Black Mothers in Power will hold its inaugural fundraising dinner on October 27th at 6:30 p.m. at the Christiana Hilton. Guest will include Congresswoman Lisa Blunt Rochester and State Representative Melissa Minor-Brown as keynote speakers. Led by founder Shané Darby, BMIP continues to be involved in several efforts to improve the landscape around Black maternal health in Delaware.
The project began as an issue campaign within the Network Delaware organization in October 2019 and has been growing their programs and staff since. Reflecting back on BMIP’s start and how far the organization has come, Darby shared, “I would have never thought that I would be running a non-profit.” But she had a vision for the changes she wanted to see in Delaware around Black maternal health, and that vision pushed her forward. “So learning how to run a non-profit, writing grants…developing a board [of directors], has been a lot of our focus over the last year and a half,” said Darby. “Really honing in on those things.” BMIP’s board of directors now includes five members, including Darby.
Their work is showing results. Since April of 2021, the organization has graduated their first doula cohort and received a grant through a fiscal sponsorship from the Metropolitan Wilmington Urban League to fund two additional classes. Doulas have a very long tradition supporting and guiding the child-birth process and assisting with other family health care, especially in Black communities.
Most of the doulas from the first BMIP cohort have moved into self-employment, which is the most common method of employment for doulas in the US’s healthcare system. To help bolster their graduates’ exposure and also increase access to Black birth workers in general in the state, BMIP’s website now hosts a directory that also includes midwives, obstetrician-gynecologists, community health workers, and more.
Program Manager Porsche Holland is still going strong with her work at BMIP to expand the reach of the doula program. The organization recently procured a contract with Wilmington Housing Authority, along with a small grant, to provide services to pregnant persons who live in public housing. Darby wants to see partnerships like this grow, and eventually allow BMIP to connect doulas to people facing HIV/AIDS or drug addictions.
Other initiatives the organization runs include diaper and formula drives, and their annual Black Mamas Bail Out fundraiser in partnership with Wilmington Freedom Alliance. The Bailout fundraiser is held in the month leading up to Mothers’ Day, and the money raised pays bail funds for Black mothers and femmes to enable them to be home with their children.
Darby is also excited about the recent grant the organization received from Nemours Children’s Hospital to start a postpartum support group. Through this group, BMIP is able to provide moms with a postpartum doula and a 10-week support program.
A key part of BMIP’s initiatives are their legislative partnerships. Darby has been an avid supporter of State Representative Melissa Minor-Brown’s “Momnibus” package. This package introduced eight bills, six of which were signed into law, all around supporting maternal health in general with a focus on areas that tend to affect Black people at higher rates. Darby expressed her excitement about the new legislation which calls for maternal mortality review boards, extends Medicaid coverage through the first year of postpartum, largely prevents shackling of incarcerated pregnant women from the second trimester through 13 weeks postpartum, and requires implicit bias training for all health care professionals.

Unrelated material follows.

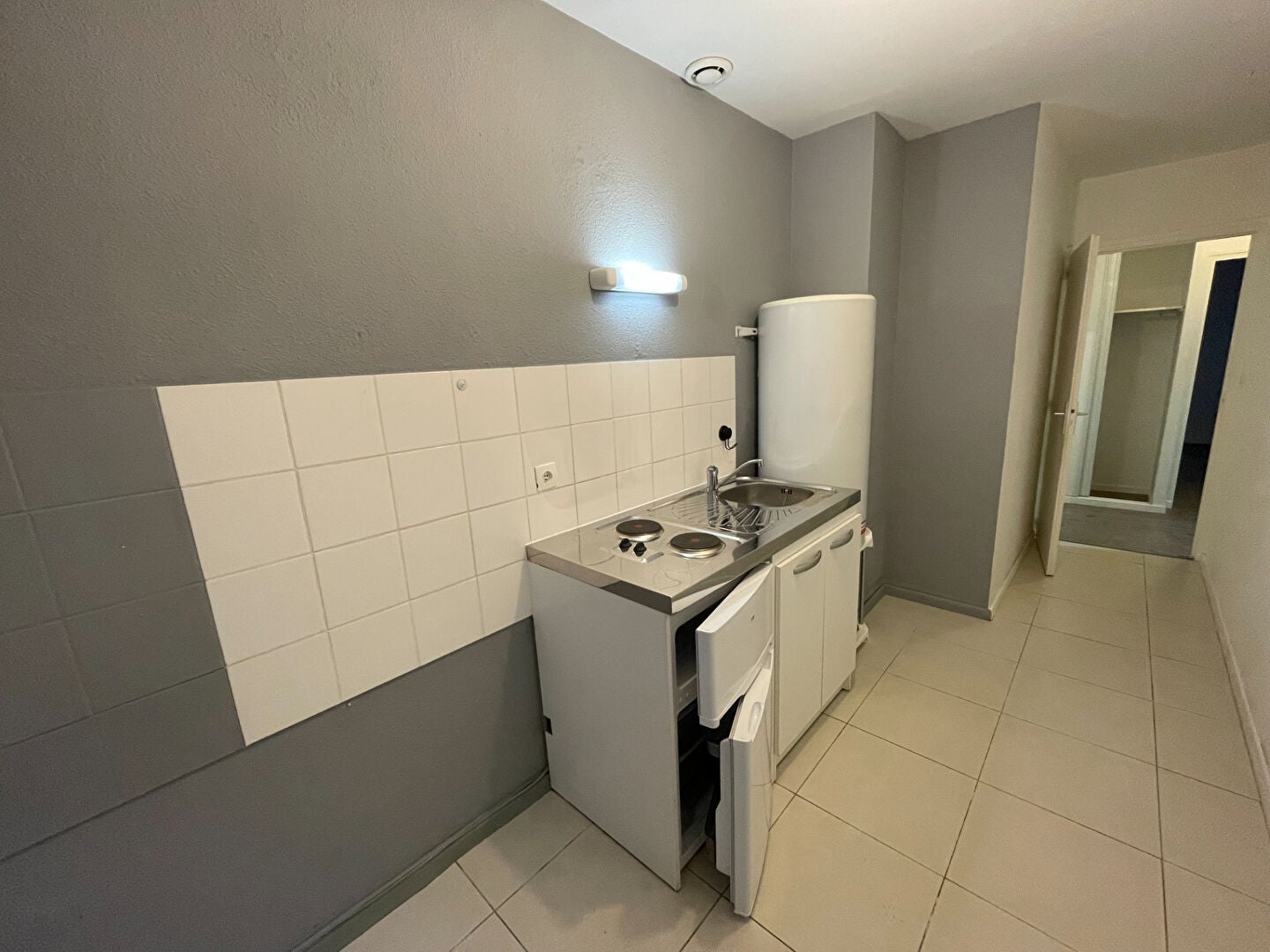 Appartement Rue Porte Dijeaux à Bordeaux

Darby was most excited about the requirement for Medicaid to submit a plan by November 1st to include coverage for doula services, and creating access for incarcerated pregnant persons to access midwifery and doula services. She also hopes to see the Medicaid doula coverage requirement be extended out to all private insurers as well.
Darby said she also sees abortion access as pivotal for maternal health care, and especially Black maternal health care. “It’s connected to Black maternal health care because banning abortions would increase pregnancy-related deaths for all pepole, but specifically for Black birthing people,” said Darby. “We’re going to see an increase in the maternal mortality and [infant] morbidity rate if we ban abortions, or put restrictions on abortion access.”
She outlined how BMIP responded to the June Supreme Court’s Dobbs decision – the decision to overturn Roe v Wade. They joined a coalition of state organizations to plan rallies and work with Attorney General Kathleen Jennings to create an abortion legal helpline. The coalition also included ACLU of Delaware, Delaware NOW (National Organization of Women), First State Abortion Fund, Southern Delaware Alliance for Racial Justice, Women’s March Sussex, and Planned Parenthood of Delaware, and they worked together to “really push that conversation about abortion access in the state,” said Darby.
Looking ahead, Darby wants BMIP to continue to be part of the conversation around continued expansion of maternal health care, including more postpartum services, Medicaid coverage of abortion, and increased contraceptive access. Darby is really excited about all that Delaware has done so far to protect abortion access, and said she would like to see an amendment to the state’s constitution to protect reproductive rights. Senator Kyle Evans Gay has introduced a constitutional amendment to ensure “personal reproductive liberty.” Constitutional amendments must be passed by two sequential General Assemblies in order to take effect.